# Task item
In the answer, each line must appear exactly as in the records, and no picture may appear.

(Data extracted from a collection)
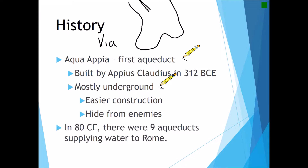By approximately 50 CE, about 50 years into the empire, there were a total of nine aqueducts supplying water just to the city of Rome itself.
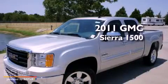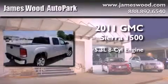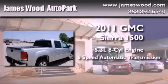This is a brand-new 2011 GMC Sierra 1500. It features a 5.3-liter, eight-cylinder engine and a six-speed automatic transmission.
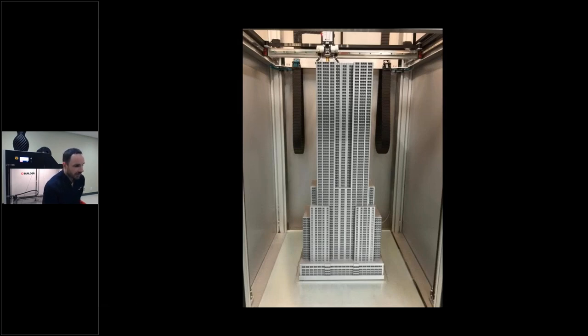This printer was done on the Xtreme 2000. So if you're looking for something with more height at 1.7 meters, these are the results you can get with the Builder 3D printer right here.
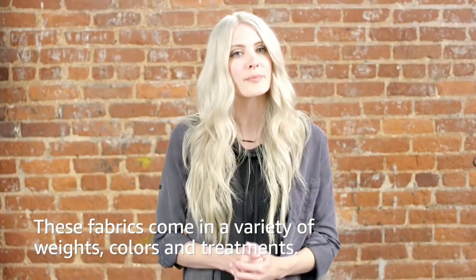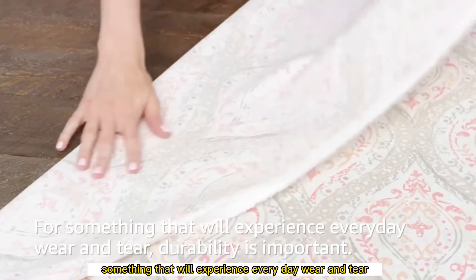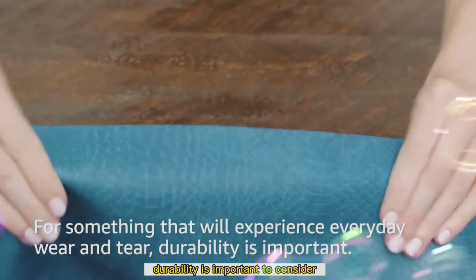These fabrics come in a variety of weights, colors, and treatments to ensure you get the perfect fabric you need for your projects. If you're planning to upholster something that will experience everyday wear and tear, durability is important to consider.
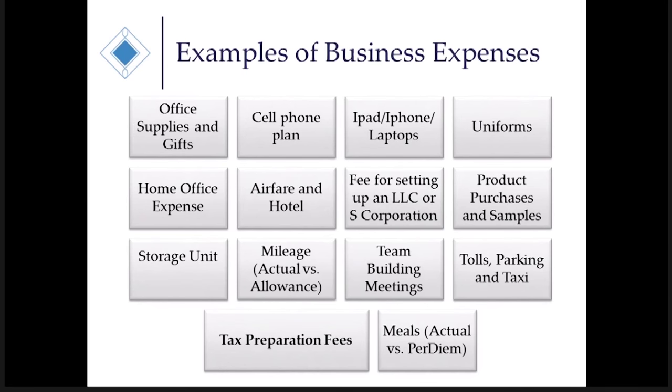Tolls, parking, and taxi are all 100% deductible. Here's something important: if you lose your taxi receipt and it was for $55, the IRS allows any business deduction to be eligible for a write-off without a receipt if the purchase is under $75. So if you lose any receipts on anything we've talked about, as long as it's under $75 and it's written down in a log or found on your bank or credit card statement, the IRS does allow that deduction.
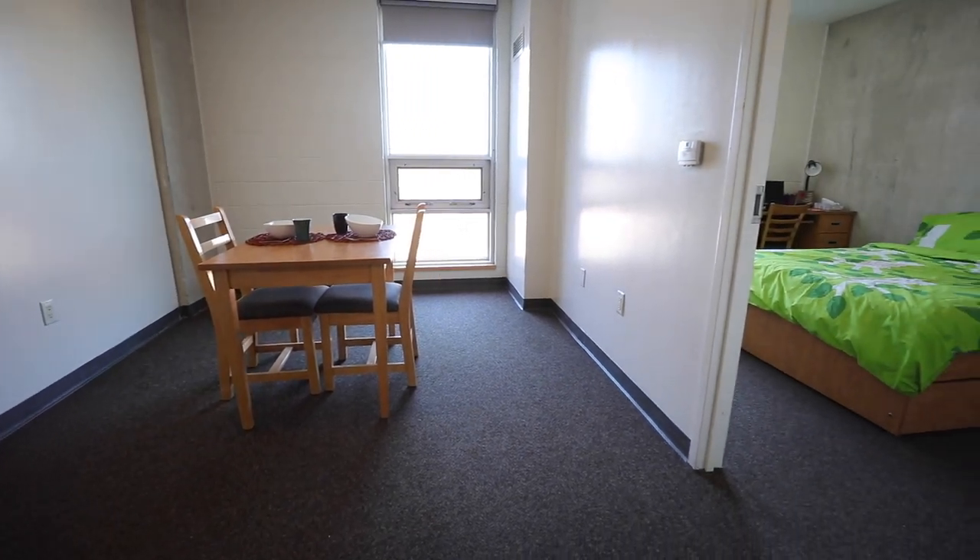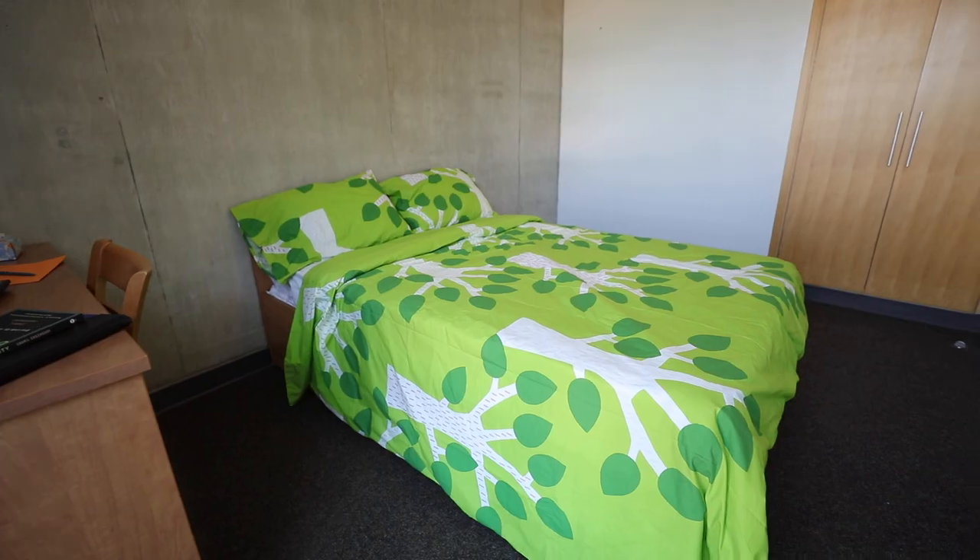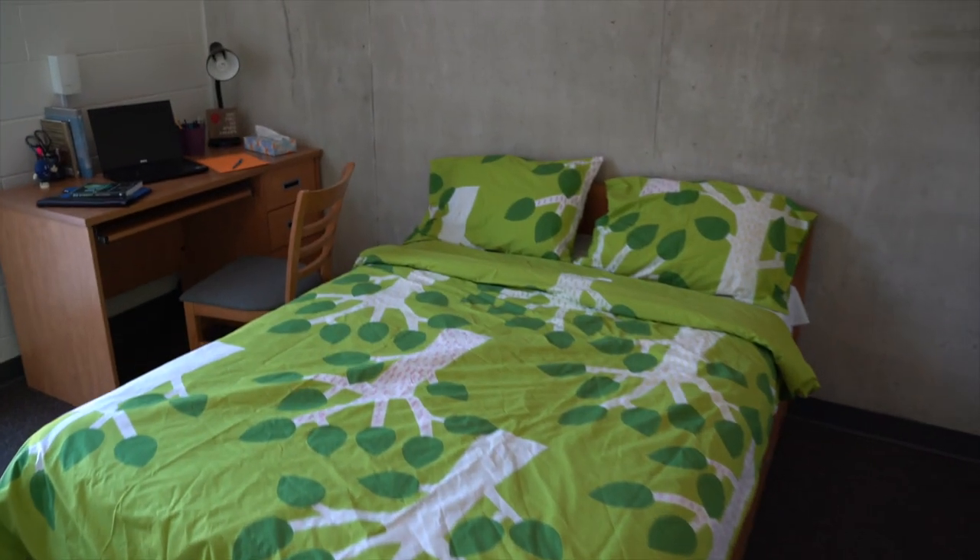Each bedroom includes a double bed with two pull-out drawers under the bed for storage, a closet with shelves, desk and chair, and window blinds.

# Solution to this problem
By approximately 50 CE, about 50 years into the empire, there were a total of nine aqueducts supplying water just to the city of Rome itself.
This is a brand-new 2011 GMC Sierra 1500. It features a 5.3-liter, eight-cylinder engine and a six-speed automatic transmission.
This printer was done on the Xtreme 2000. So if you're looking for something with more height at 1.7 meters, these are the results you can get with the Builder 3D printer right here.
These fabrics come in a variety of weights, colors, and treatments to ensure you get the perfect fabric you need for your projects. If you're planning to upholster something that will experience everyday wear and tear, durability is important to consider.
Tolls, parking, and taxi are all 100% deductible. Here's something important: if you lose your taxi receipt and it was for $55, the IRS allows any business deduction to be eligible for a write-off without a receipt if the purchase is under $75. So if you lose any receipts on anything we've talked about, as long as it's under $75 and it's written down in a log or found on your bank or credit card statement, the IRS does allow that deduction.
Each bedroom includes a double bed with two pull-out drawers under the bed for storage, a closet with shelves, desk and chair, and window blinds.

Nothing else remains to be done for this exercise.